*** Provided records ***

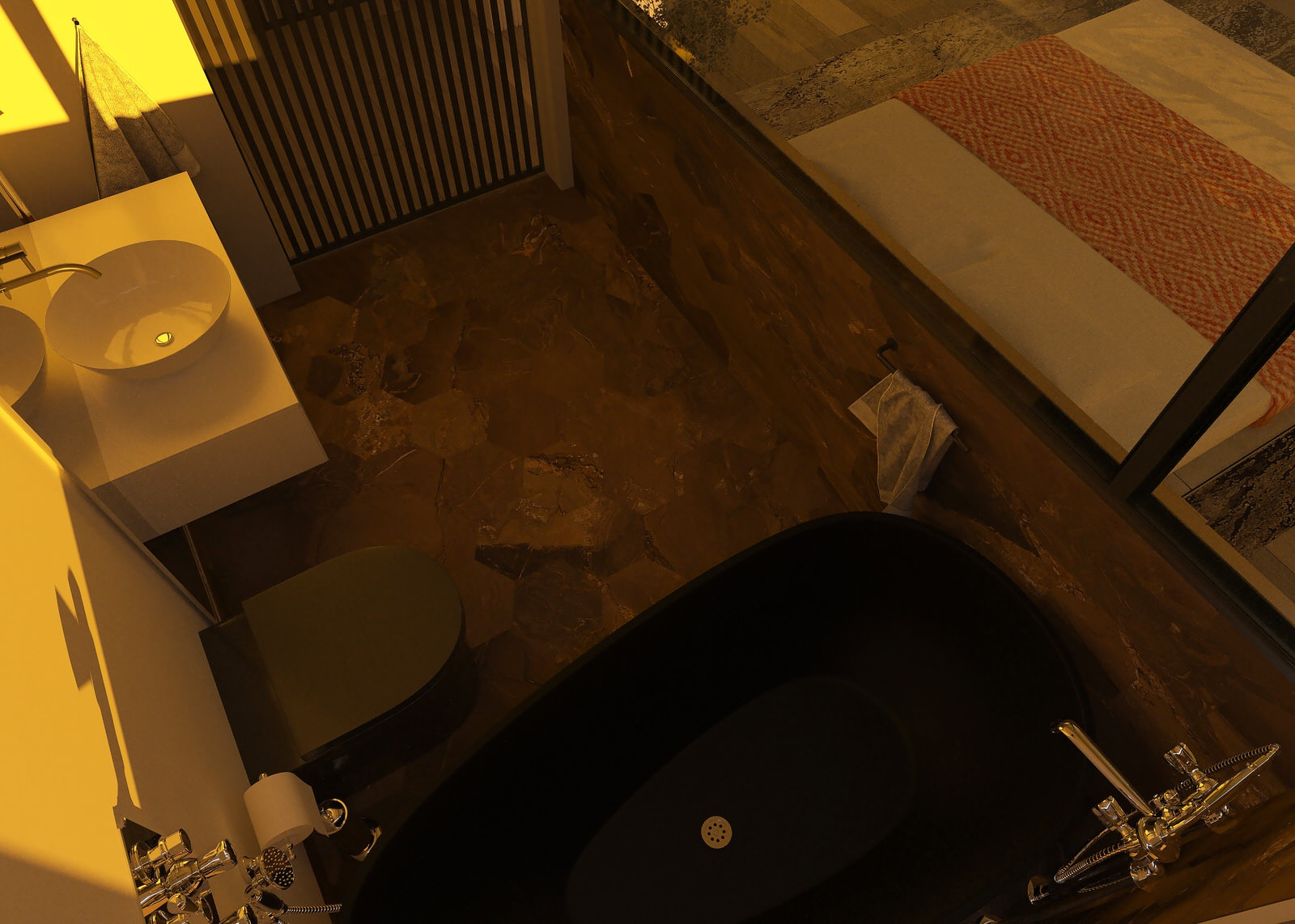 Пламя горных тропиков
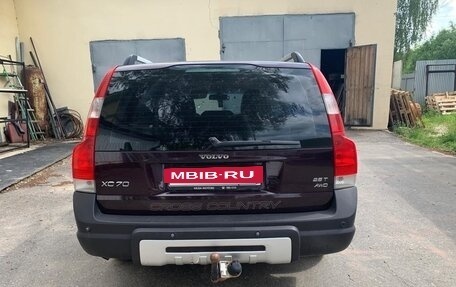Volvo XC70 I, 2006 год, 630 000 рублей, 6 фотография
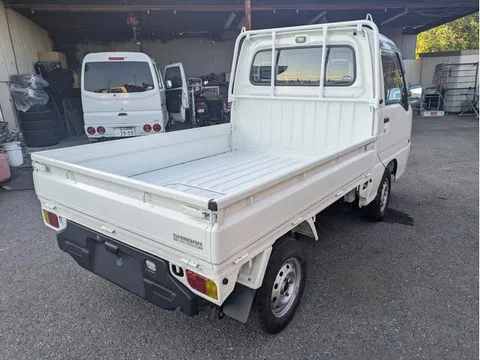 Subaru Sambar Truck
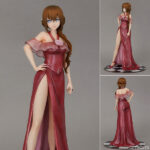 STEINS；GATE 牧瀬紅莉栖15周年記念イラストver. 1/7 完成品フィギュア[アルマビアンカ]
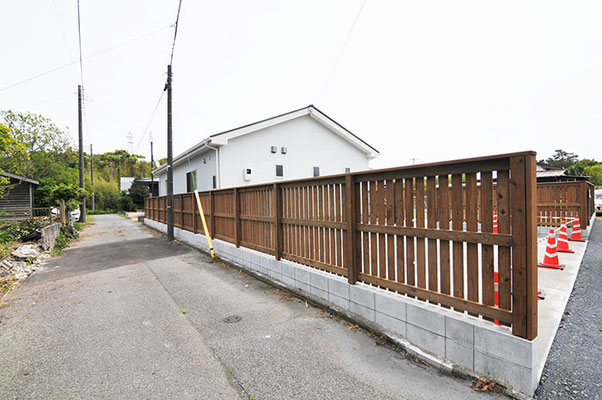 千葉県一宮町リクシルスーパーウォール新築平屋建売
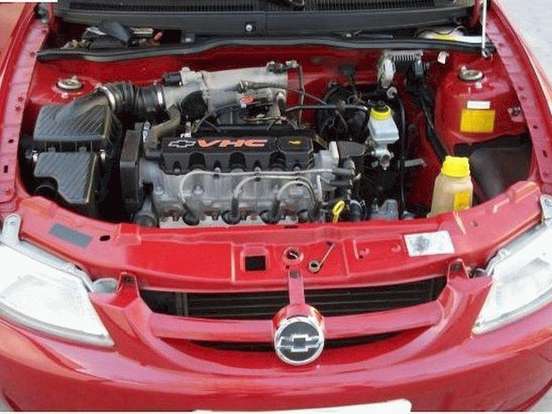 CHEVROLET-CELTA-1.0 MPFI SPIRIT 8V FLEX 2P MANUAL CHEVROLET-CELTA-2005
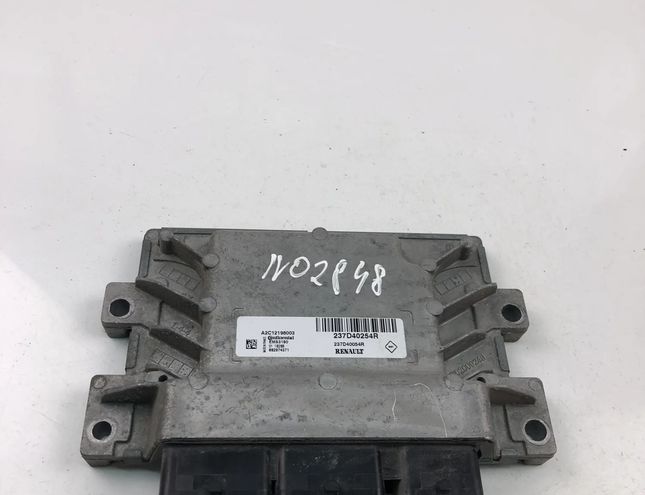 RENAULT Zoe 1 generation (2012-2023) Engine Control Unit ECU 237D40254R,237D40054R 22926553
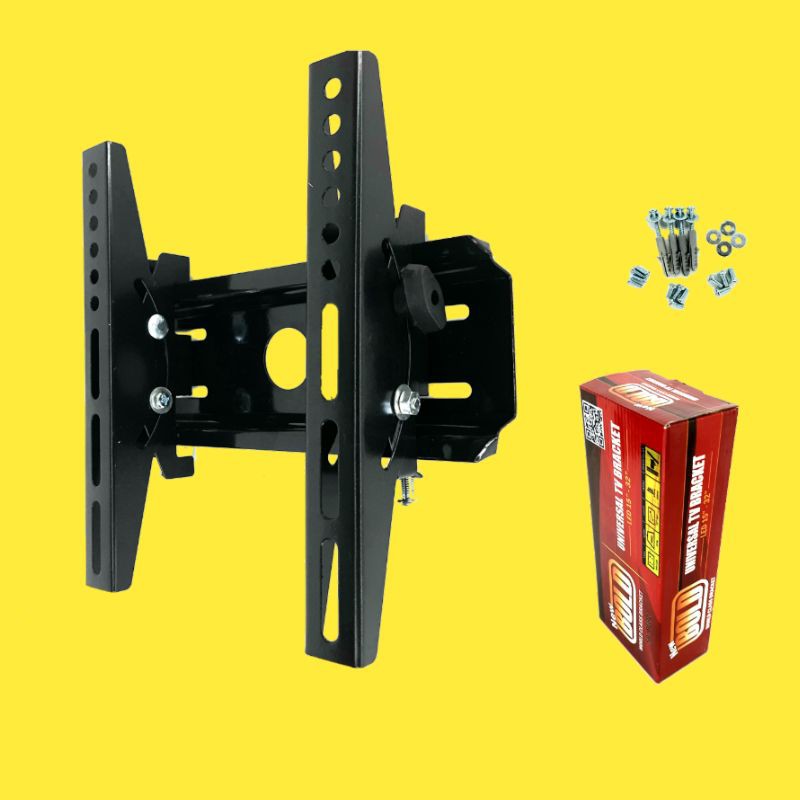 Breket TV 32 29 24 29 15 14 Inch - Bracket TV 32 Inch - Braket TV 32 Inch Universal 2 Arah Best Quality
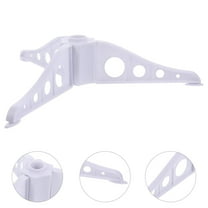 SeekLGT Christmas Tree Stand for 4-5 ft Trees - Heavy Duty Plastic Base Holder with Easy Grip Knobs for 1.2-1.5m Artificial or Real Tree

*** End of Provided records ***
*** Provided records ***

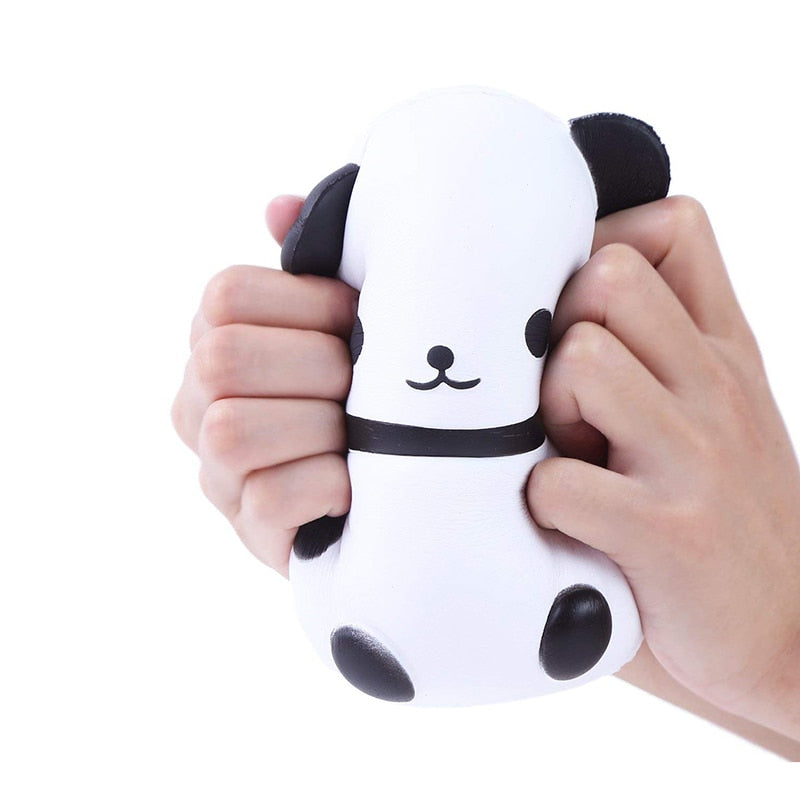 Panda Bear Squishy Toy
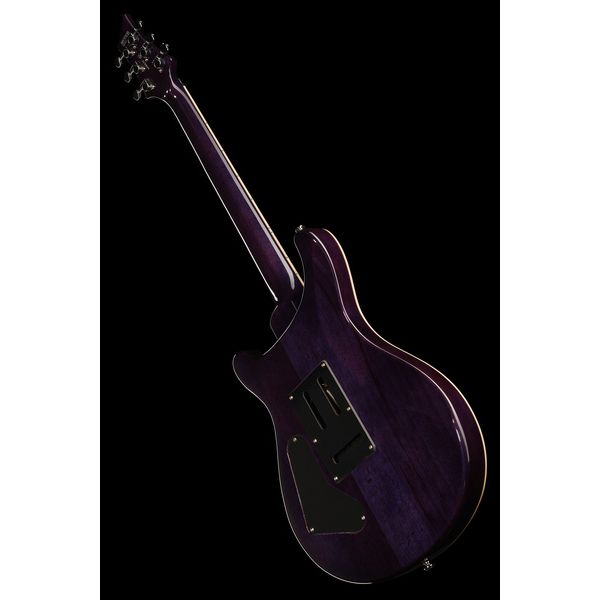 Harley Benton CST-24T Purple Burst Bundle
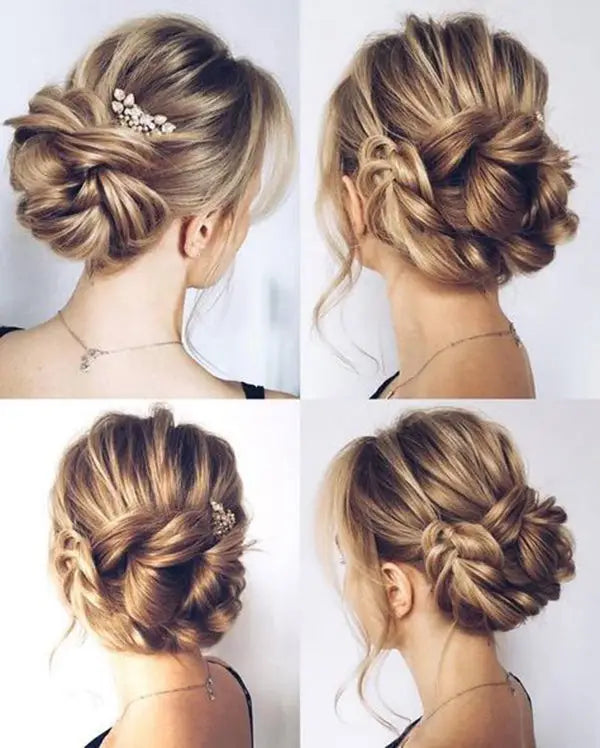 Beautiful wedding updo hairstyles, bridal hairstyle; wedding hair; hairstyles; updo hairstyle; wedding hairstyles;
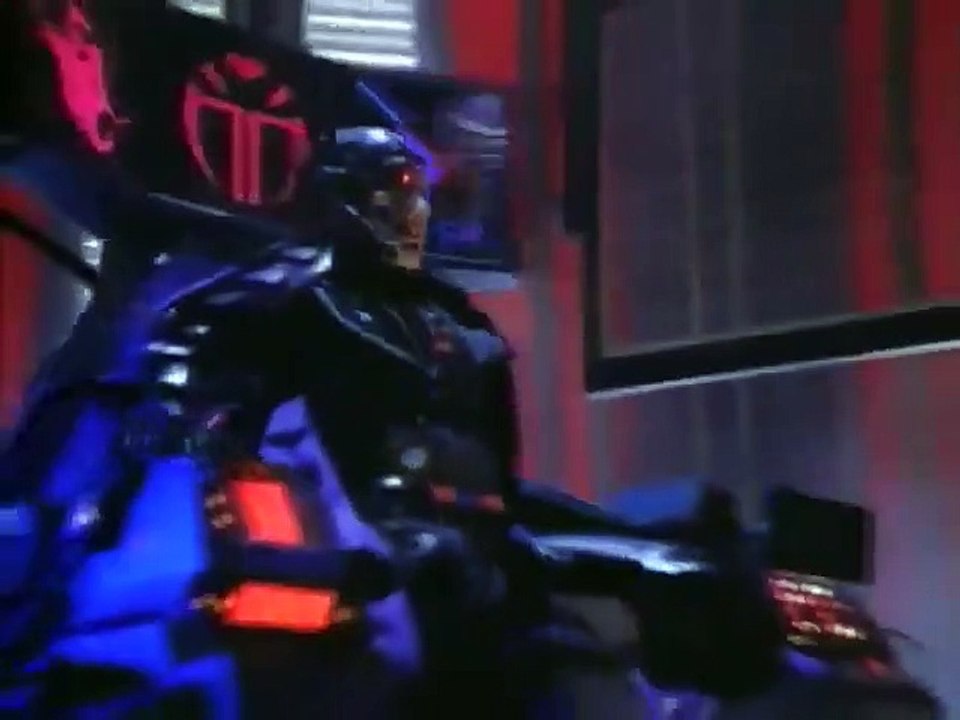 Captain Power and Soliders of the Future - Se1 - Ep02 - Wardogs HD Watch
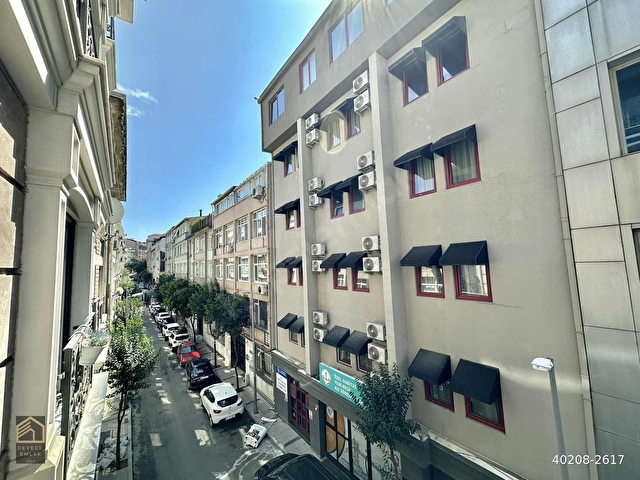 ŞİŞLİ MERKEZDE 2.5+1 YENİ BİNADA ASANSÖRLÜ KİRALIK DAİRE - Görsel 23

*** End of Provided records ***

What you have to do: Reproduce exactly the lines above starting at the line containing "Harley Benton CST-24T Purple Burst Bundle" and ending at the line containing "ŞİŞLİ MERKEZDE 2.5+1", including both, but not the pictures.

Reply to the task:
 Harley Benton CST-24T Purple Burst Bundle
 Beautiful wedding updo hairstyles, bridal hairstyle; wedding hair; hairstyles; updo hairstyle; wedding hairstyles;
 Captain Power and Soliders of the Future - Se1 - Ep02 - Wardogs HD Watch
 ŞİŞLİ MERKEZDE 2.5+1 YENİ BİNADA ASANSÖRLÜ KİRALIK DAİRE - Görsel 23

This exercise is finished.